If Joanna wants to stipulate that we pick Blue Pill out of a morass of pre-installed kernel and userland rootkits, we would of course agree to that term. Neither Joanna's team nor ours seems to think that's a meaningful addition to the test. Like the Vitriol rootkit Dino Dai Zovi wrote for Matasano last year, Joanna's rootkit lives in a special slice of memory inside of a special execution context carved out by the hardware. It is unlike any other X86 rootkit in how it intercepts control of the platform and how it stays resident.
Installing a bunch of crappy malware alongside something as slick as Blue Pill is very much the same as trying to hide a Ferarri in a junkyard lot filled with rusted out Chevy Novas. But, by all means, if Joanna wants to add meaningless obstacles --- let nobody say we allowed those obstacles to impede science!
I would mod you up, but I have no points.
The Blue Pill is indeed a myth. It is detectable. All you have to do, is check if you are running under a virtual machine. Contrary to the claims of Joanna Rutkowska, this is easy, not impossible. If you didn't think you were running under a VM, but you are, something is wrong.
It is also removable. Simply reboot the machine. I didn't say re-install, but reboot. If blue pill were to install files to the hard drive, the files would be detectable in an offline scan. Because Joanna claims that even an offline scan would not detect blue pill, it doesn't write to the hard drive. Because it doesn't write to the hard drive, it is not persistent.

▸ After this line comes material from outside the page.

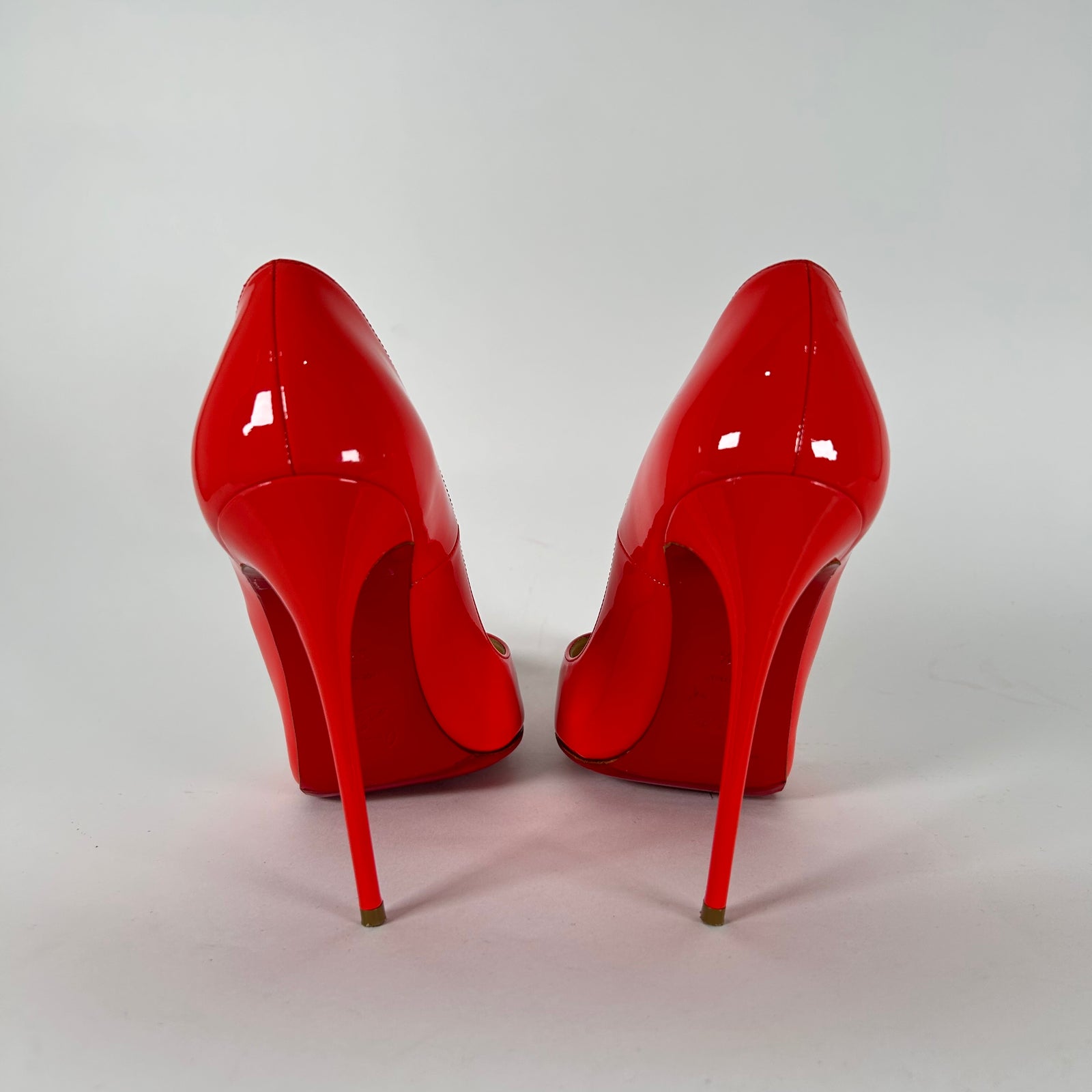 Christian Louboutin So Kate 120 Patent Size 39.5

On the other hand, Joanna's claims are often moderately dishonest, at best. There is no such thing as completely undectable. If you sneezed 10 years ago, there is evidence of it somewhere.
She hasn't released the code. She might have legitimate reasons, but this is normally considered inexcusable for security research. All we have to go on is "what she says."
Write your own Choose Your Own Adventure. http://www.freegameengines.org/gamebook-engine/
You should become a secure programmer, which is the rate she's working from. There aren't enough secure programmers to go around.
it's not clear if it's gonna be new software from Symantec or just the current version of antivirus.
If it's something new, they should give her a change to play with it first.